Considering the triplicate-based results obtained in this part of the study, the standard mono-culture (control A) turned out to be the most effective approach in terms of stimulating lovastatin production, whereas the lowest level of this metabolite was recorded for the “spores/spores” co-culture involving M. racemosus (Fig. 2a). Interestingly, when either P. rubens or M. racemosus were confronted with A. terreus after 24 h of growth in the preculture medium, the final titers of lovastatin exceeded the concentration observed in “control B,” but not in “control A” (Fig. 2a). Generally, the mean lovastatin titers reached in the “control A” flasks were noticeably closer to the values recorded for P. rubens co-cultures than for C. globosum or M. racemosus variants (Fig. 2a).
The concentration values corresponding to (+)-geodin (Fig. 2b) and asterric acid (Fig. 2c) were relatively more varied than those of lovastatin and this behavior was reflected by the error bars representing the standard deviation values based on experimental triplicates (Fig. 2b, c). If a complete dataset including the results for all initiation strategies is considered, the highest levels of (+)-geodin (Fig. 2b) and asterric acid (Fig. 2c) were recorded for the “control A” variants, similarly as for lovastatin. This particular observation was not made in the case of butyrolactone I, for which the concentration values peaked in the “spores/spores” co-cultures with C. globosum, especially in the preculture-including variant (Fig. 2d).

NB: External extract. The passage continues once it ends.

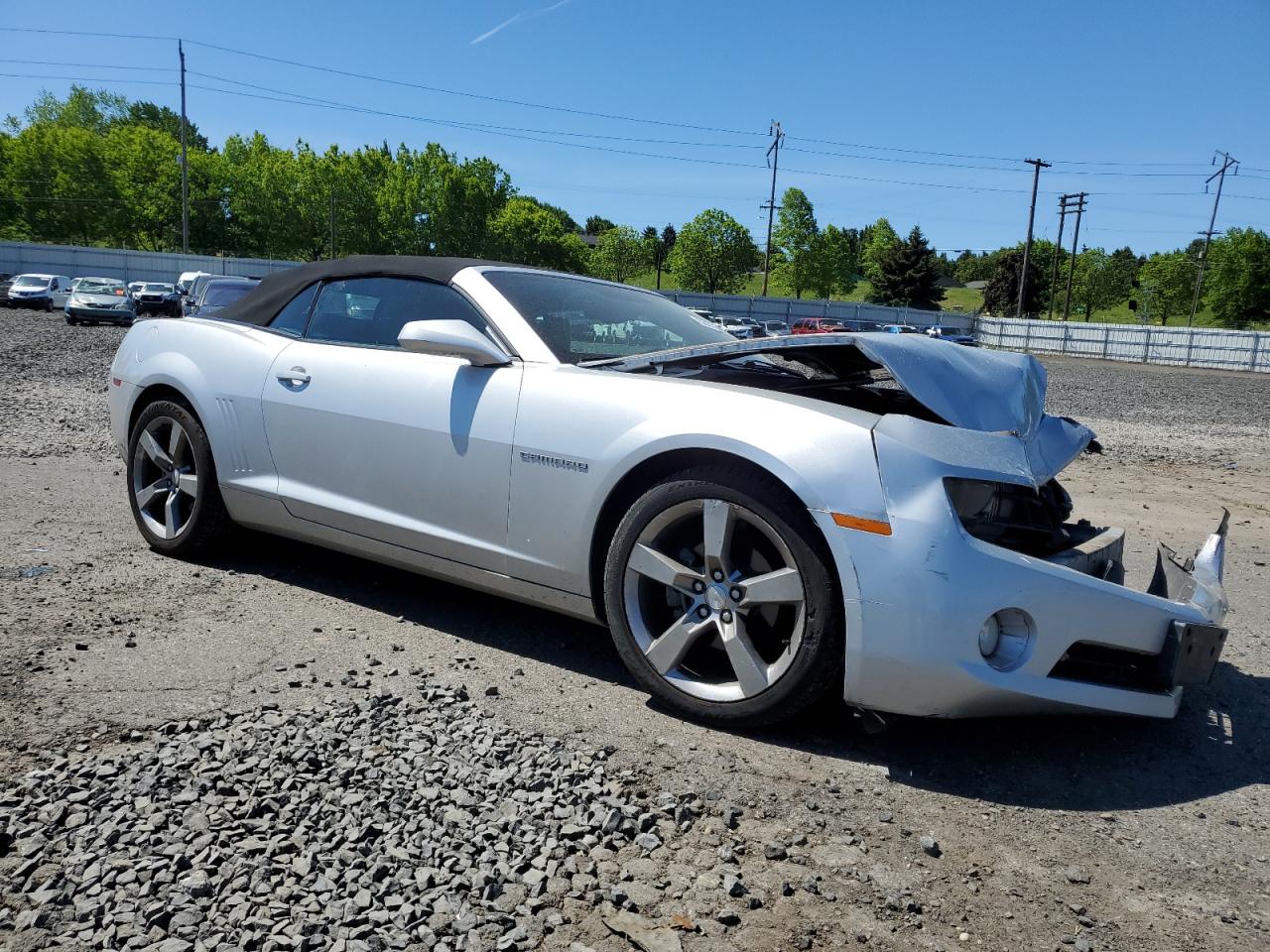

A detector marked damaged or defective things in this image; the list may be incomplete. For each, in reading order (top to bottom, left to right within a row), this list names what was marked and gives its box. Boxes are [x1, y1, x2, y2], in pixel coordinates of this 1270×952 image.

crumpled hood [588, 332, 1096, 484]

Experiment 5: “24-h mycelium/spores” contact of two species
In order to investigate the “unequal chances” scenarios of the co-cultivation, one species was first allowed to grow for 24 h and then confronted with the spores of the second species, as schematically illustrated as “Experiment 5” in Fig. 1e. The main idea was to examine whether introducing the spores of P. rubens, C. globosum, or M. racemosus to a 24-h culture of A. terreus could noticeably affect the production of secondary metabolites (“variant 1” in Fig. 1e) and if the mycelium of A. terreus would develop and display productivity in the liquid medium already inhabited by a different fungus (“variant 2” in Fig. 1e). In the experimental control, both the spores and the 24-h culture were of the same species, namely A. terreus (Fig. 1e). The results of the experiment are presented in Fig. 3.
Generally, adding the spores of P. rubens, C. globosum, of M. racemosus to the 24-h submerged cultures of A. terreus did not lead to the markedly altered levels of secondary metabolites relative to the control (see “variant 1” in Fig. 3). Thus, the disturbance of the underlying biosynthetic pathways as a result of the “invasion” of foreign spores was not recorded in this case. In the reverse scenario, however, introducing the spores of A. terreus into the 24-h fungal cultures noticeably affected the metabolic outcomes relative to the control values (see “variant 2” in Fig. 3). With the exception of butyloactone I biosynthesis in the presence of M. racemosus (Fig. 3d), the concentration values recorded for this variant were lower than the levels observed in “variant 1” runs and in the controls (Fig. 3). It could be noticed that M. racemosus was less inhibitory in terms of lovastatin, (+)-geodin, asteric acid, and butyrolactone I formation in the P. rubens and C. globosum (Fig. 3).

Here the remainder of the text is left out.